Even plan sponsors that are tracking CAA ’21 could use more clarity on the regulation, according to Melissa Bartlett, senior vice president of health policy with the ERISA Industry Committee.

“While I think employers appreciate what was done in the CAA, there are still a lot of questions on whether the reporting and transparency has moved the needle,” she says.

One area Bartlett points to is the ending of the “gag clause,” by which health care providers barred participant information from plan sponsors. As of the end of 2023, providers will need to show they no longer have any gag clauses in contracts with plan sponsors. But Bartlett says making plan sponsors responsible for getting that participant information from providers—information providers may not be actively offering up—has made sponsors nervous about year-end attestations they have to file with regulators.

“How do you attest to something that you don’t have information for?” she asks. “What about when a plan sponsor no longer has a contract with that [third party administrator]? How do they get the information?”

Bartlett also points to Section 202 of the rules that require plan sponsors to monitor and benchmark the fees their benefits consultants and brokers are receiving. There again, it is up to the brokers to disclose the fee structure and up to the plan sponsor to evaluate it, she notes.

Adding to the complexity, it is unclear who qualifies as a broker. Providers such as pharmacy benefits managers, for instance, may be getting associated fees from providers but not feel required to disclose them. The Washington-based ERISA Industry Committee has supported a movement in Congress for further regulatory clarity on Section 202, Bartlett says.

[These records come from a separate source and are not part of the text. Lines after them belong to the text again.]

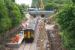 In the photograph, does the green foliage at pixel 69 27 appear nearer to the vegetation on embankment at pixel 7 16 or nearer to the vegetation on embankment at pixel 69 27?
the vegetation on embankment at pixel 69 27

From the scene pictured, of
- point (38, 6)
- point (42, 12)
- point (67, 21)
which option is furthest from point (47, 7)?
point (67, 21)

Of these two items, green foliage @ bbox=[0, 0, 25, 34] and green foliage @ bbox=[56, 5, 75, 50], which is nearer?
green foliage @ bbox=[56, 5, 75, 50]

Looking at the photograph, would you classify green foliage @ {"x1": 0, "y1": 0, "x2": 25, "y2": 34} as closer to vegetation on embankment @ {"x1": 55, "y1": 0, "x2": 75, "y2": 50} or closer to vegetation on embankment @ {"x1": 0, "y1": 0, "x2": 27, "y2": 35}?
vegetation on embankment @ {"x1": 0, "y1": 0, "x2": 27, "y2": 35}

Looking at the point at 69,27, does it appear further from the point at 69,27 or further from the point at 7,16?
the point at 7,16

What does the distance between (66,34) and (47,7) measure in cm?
4094

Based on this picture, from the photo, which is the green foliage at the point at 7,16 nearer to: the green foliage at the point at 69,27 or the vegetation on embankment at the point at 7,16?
the vegetation on embankment at the point at 7,16

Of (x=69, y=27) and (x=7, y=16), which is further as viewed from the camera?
(x=7, y=16)

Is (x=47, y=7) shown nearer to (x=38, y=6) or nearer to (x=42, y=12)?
(x=42, y=12)

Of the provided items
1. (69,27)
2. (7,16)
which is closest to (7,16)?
(7,16)

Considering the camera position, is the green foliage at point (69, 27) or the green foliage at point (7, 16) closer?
the green foliage at point (69, 27)

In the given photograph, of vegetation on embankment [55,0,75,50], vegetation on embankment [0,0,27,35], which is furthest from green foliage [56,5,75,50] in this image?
vegetation on embankment [0,0,27,35]

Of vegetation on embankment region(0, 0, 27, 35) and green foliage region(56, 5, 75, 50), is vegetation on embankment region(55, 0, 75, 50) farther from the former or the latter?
vegetation on embankment region(0, 0, 27, 35)

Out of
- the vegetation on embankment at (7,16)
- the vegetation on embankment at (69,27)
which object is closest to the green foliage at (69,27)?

“We are at this crossroads now in terms of what comes next to make meaningful transparency happen,” Bartlett says. “Transparency for transparency’s sake is not enough; if it’s not meaningful transparency, and accessible and usable for employers, it’s just information that is out there.”

Call a Friend

When Craig Reid, president of retirement and wealth at aggregator Marsh McLennan Agency, first got wind of CAA ’21, he immediately connected with his peer on the benefits side of the business. Reid says cross-pollination between the benefits and retirement side happens frequently at the Marsh-owned agency, and CAA ’21 “accelerated” those conversations.

One particular area on which the retirement side weighed in was broker compensation, says Reid, which is a “big number” when it comes to the health care industry.

“That’s a new piece to the group health side,” he said. “But on the retirement side, we have been dealing with that conversation for over 15 years. So we’re working with our partners to help them understand how to have those conversations [with plan sponsors] better.”

Those discussions helped lead to Marsh McLennan Agency’s health team giving plan sponsors a broker compensation disclosure form. The practice helps clients understand exactly what the team is getting paid, Reid says. But that doesn’t mean the work is done, he says, with many regulatory questions outstanding as to who is the fiduciary on the healthcare benefits side, and who might be subject to litigation.

“Much like the retirement industry has changed over the past few years [due to litigation], how does that concept play out on the benefits side, knowing those dollars have more zeroes?” Reid asks.